Posso adiantar que a primeira faixa é a mais sensível, quase uma introdução. Não é específica sobre um término, nem sobre saudade ou bons momentos; é mais uma porta de entrada para o que vem a seguir, uma espécie de enquadramento emocional.

Já a segunda faixa tem uma leveza diferente. Fala mais de prazer, de bons momentos e da singularidade que cada instante pode ter. Não é sobre a pessoa, mas sobre o momento em si — como se ganhasse vida própria. É uma abordagem mais descontraída, talvez até mais apelativa, para traduzir a sensação de viver o instante sem o peso de analisá-lo.


Mas dá para separar o momento da pessoa?


Acredito que sim. Se deres um passo atrás e olhares para a situação com alguma distância, percebes que é difícil separar o momento das sensações, porque ele estará sempre ligado à pessoa com quem o viveste, ao lugar e à própria circunstância. Ainda assim, quando consegues sentir gratidão pelo que aconteceu, seja pela entrada, saída ou permanência dessa pessoa na tua vida, torna-se possível olhar para o momento com mais serenidade. É aquele reconhecimento de que algo foi realmente bom e que ainda consegues reviver a sensação, sem o peso do apego.


Quando manténs a pessoa presa ao momento, corres o risco de distorcer a pessoa, de confundir o valor do instante com os sentimentos que desenvolveste. Surgem as dúvidas: será que a outra pessoa sentiu o mesmo? Será que esse momento significou igual para ambos? É por isso que acredito ser importante separar o momento da pessoa, pelo menos o suficiente para compreenderes o que realmente pertence a ti.


Na terceira faixa, procurei traduzir esse processo em dois versos. O primeiro é cru, quase um desabafo, sem filtros nem preocupação com a estética.
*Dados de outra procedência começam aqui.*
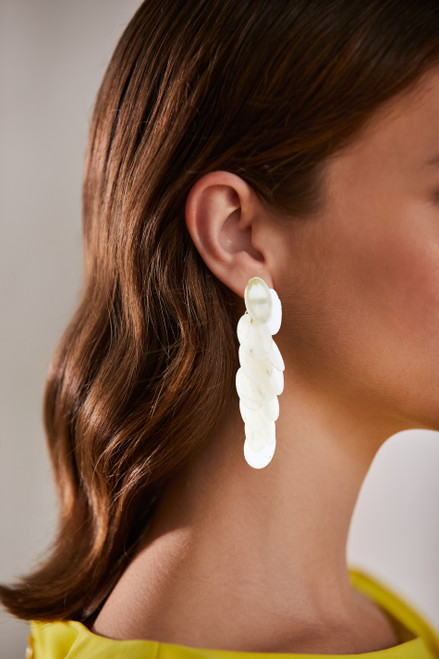 Gold | Shell Chandelier Earrings Form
O segundo tem uma abordagem diferente: falo de fora para dentro, transformando o amor numa entidade, como se ele próprio fosse uma pessoa. Nessa conversa imaginária, questiono o papel que o amor teve na minha vida, o que ofereceu, o que reteve e, talvez, o que impediu de florescer.


Por fim, a última faixa funciona como síntese. É um fecho com alguma dor, mas também com compreensão. Não é um ponto final nem um “continua” — talvez um ponto e vírgula. Representa o momento em que aceito o que aconteceu, reconheço o que foi, sem procurar culpados ou hipóteses alternativas. É um fecho em paz, comigo e com a situação.


Sentes que este EP reflete o teu crescimento ao longo dos últimos anos? Mais do que uma evolução pessoal, parece um trabalho mais maduro e consciente da pessoa que és hoje e da forma como sentes as coisas. O que é que ele acaba por revelar sobre a tua evolução como artista e sobre os caminhos que queres seguir daqui para a frente?


Acho que, acima de tudo, este EP representa uma abertura total à vulnerabilidade. Em fases anteriores, quando queria mostrar esse lado mais íntimo, nunca o fazia por completo — tentava transmitir algo, mas sem me expor por inteiro. Isso fazia com que nem sempre conseguisse ser totalmente verdadeiro comigo nem retratar as situações da forma mais autêntica.


Desta vez foi diferente. Pela sonoridade, pela escrita e pelos temas que abordei, senti que ganhei coragem e curiosidade para explorar novos caminhos. Também, no lado visual, percebi que posso olhar para a música de outras formas, sem me prender a uma única direção. Não digo que este seja o rumo definitivo, mas foi uma experiência que me deu uma nova visão sobre como quero criar e expressar-me nos próximos trabalhos.